▶ **TASK OBJECTIVE**
Please retype exactly the lines from the one containing "Lady Dior Mini" through the end of the records, leaving out the pictures.

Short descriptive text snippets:
◇ ◇ ◇ ◇

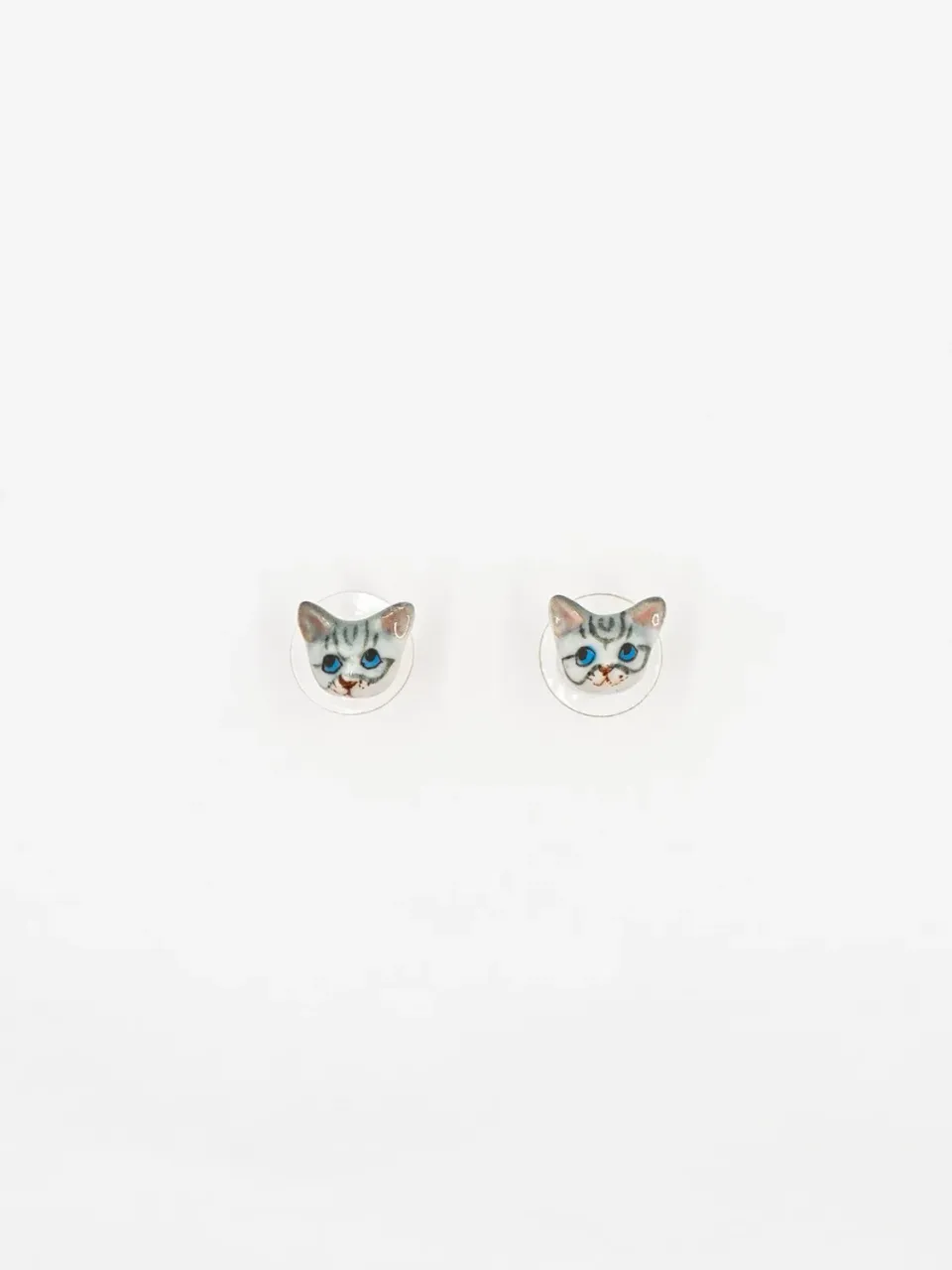 Nach Bijoux chat tabby boucles d’oreilles puces porcelaine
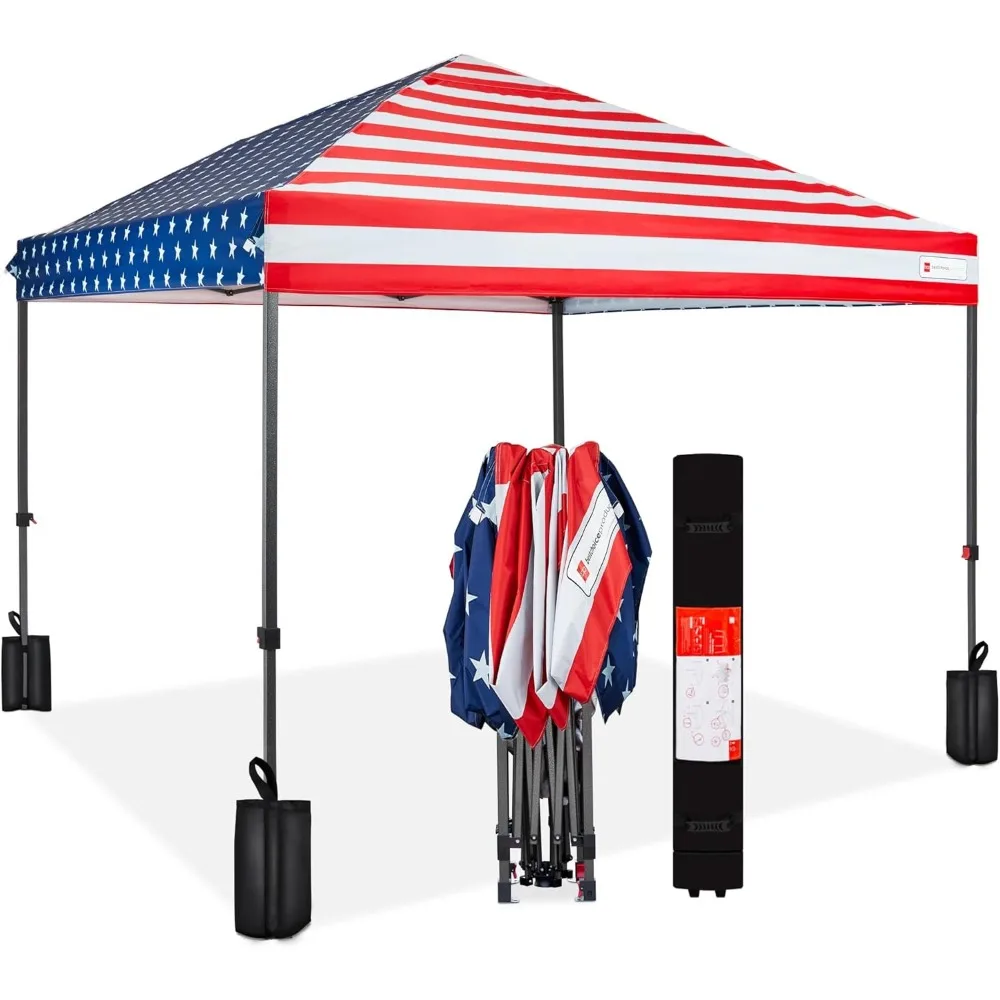 10x10ft 1-Person Setup Pop Up Canopy Tent Instant Portable Shelter 1-Button Push Case 4 Weight Bags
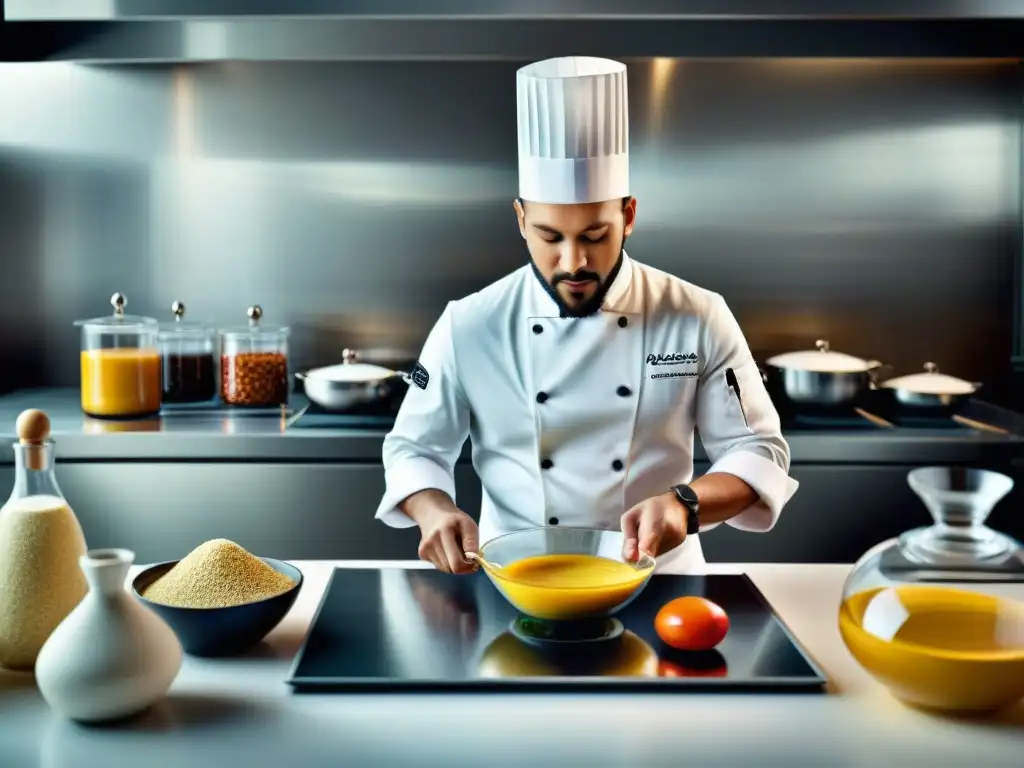 Un chef experto combinando emulsiones gourmet sin gluten en una cocina moderna y elegante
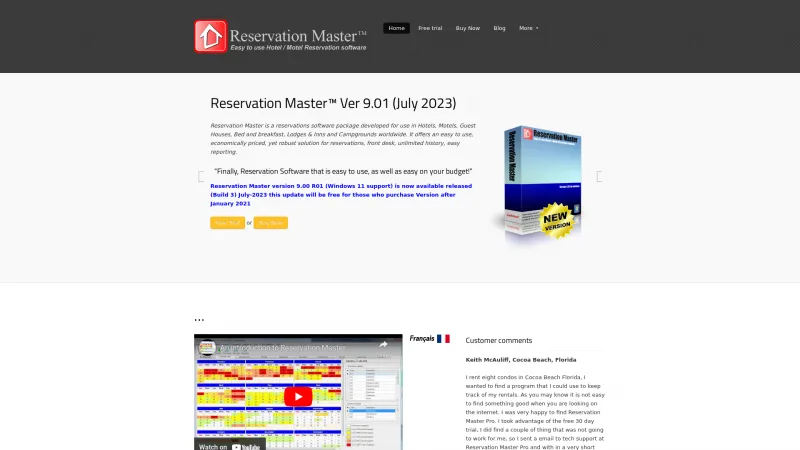 Homepage of Reservation Master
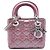Lady Dior Mini Iridescente in agnello Cannage rosa di Dior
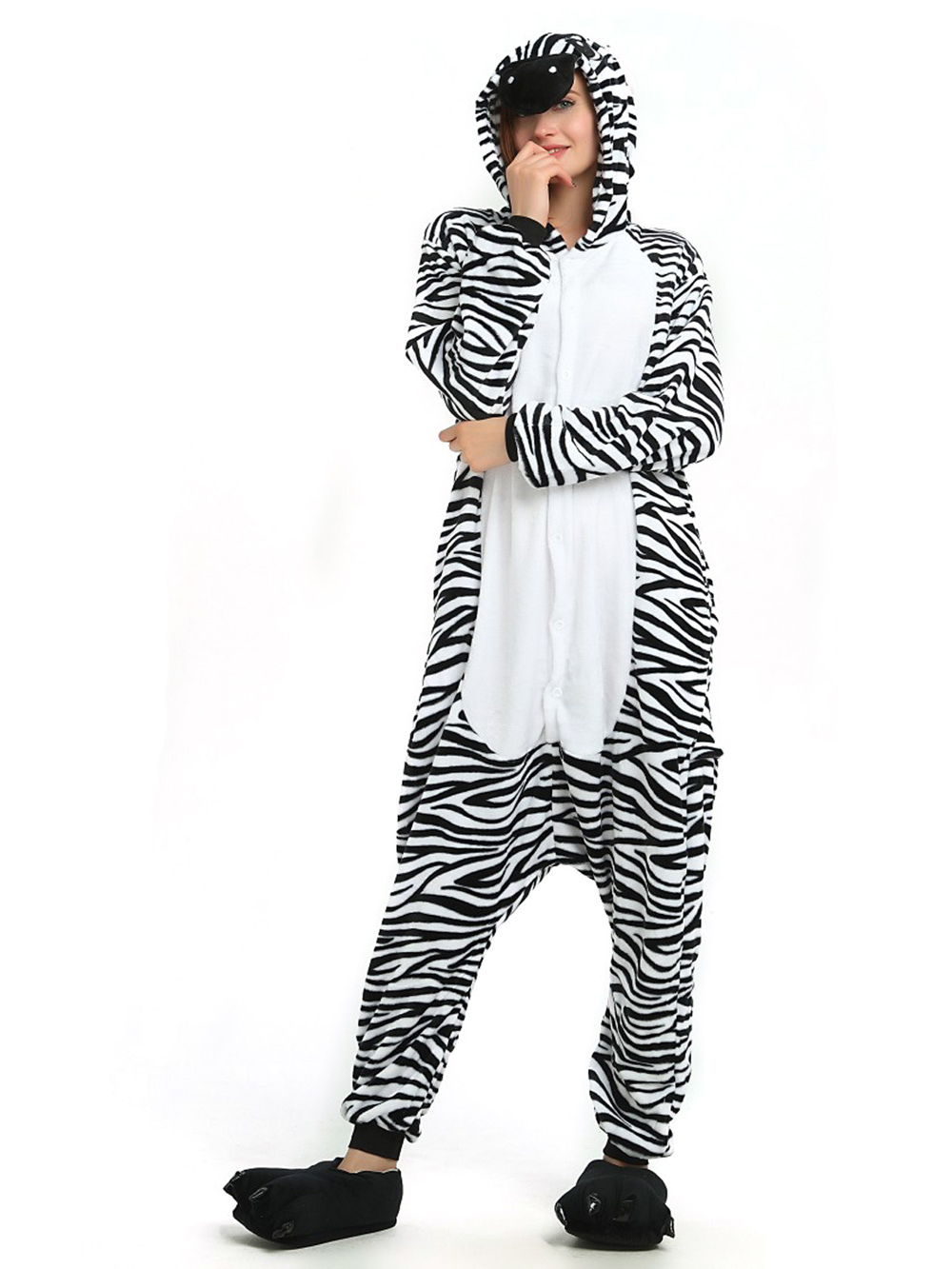 Zebra Fleece Pajamas Onesies Hoodie Animal Kigurumi Costume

◇ ◇ ◇ ◇

▶ **ANSWER FOR THE TASK**
Lady Dior Mini Iridescente in agnello Cannage rosa di Dior
 Zebra Fleece Pajamas Onesies Hoodie Animal Kigurumi Costume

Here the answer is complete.